____ Data for the task

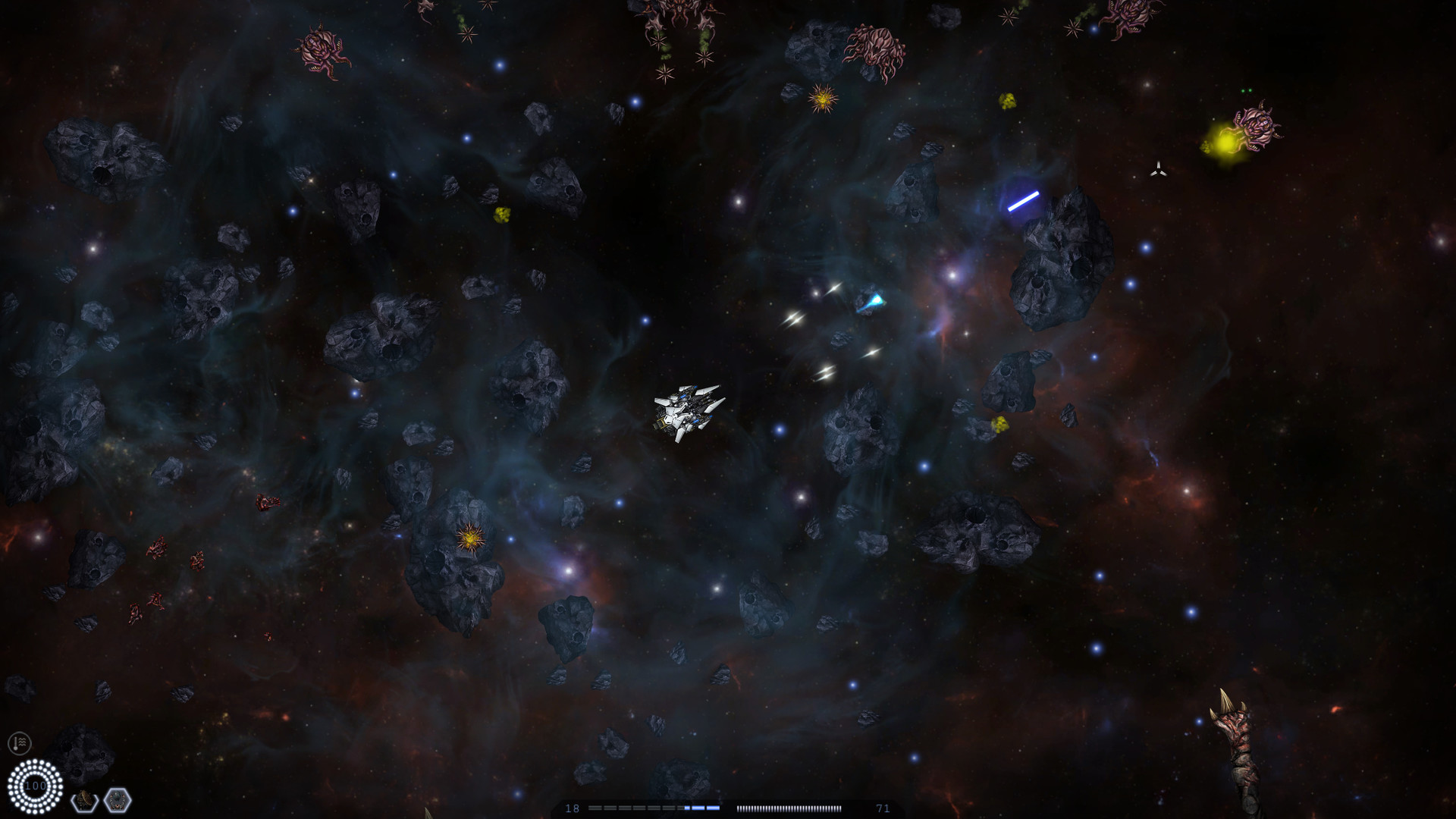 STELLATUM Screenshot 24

________
____ Data for the task

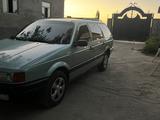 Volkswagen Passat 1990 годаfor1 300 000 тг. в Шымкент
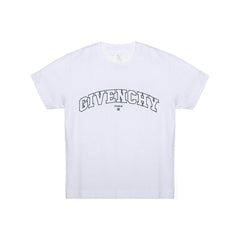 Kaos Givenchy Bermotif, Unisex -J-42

________

# What this task involves
Output exactly the lines above that lie between the line with "Volkswagen Passat 1990" and the line with "Kaos Givenchy Bermotif, Unisex -J-42", those two lines included, and no pictures.

# Solution to the exercise
 Volkswagen Passat 1990 годаfor1 300 000 тг. в Шымкент
 Kaos Givenchy Bermotif, Unisex -J-42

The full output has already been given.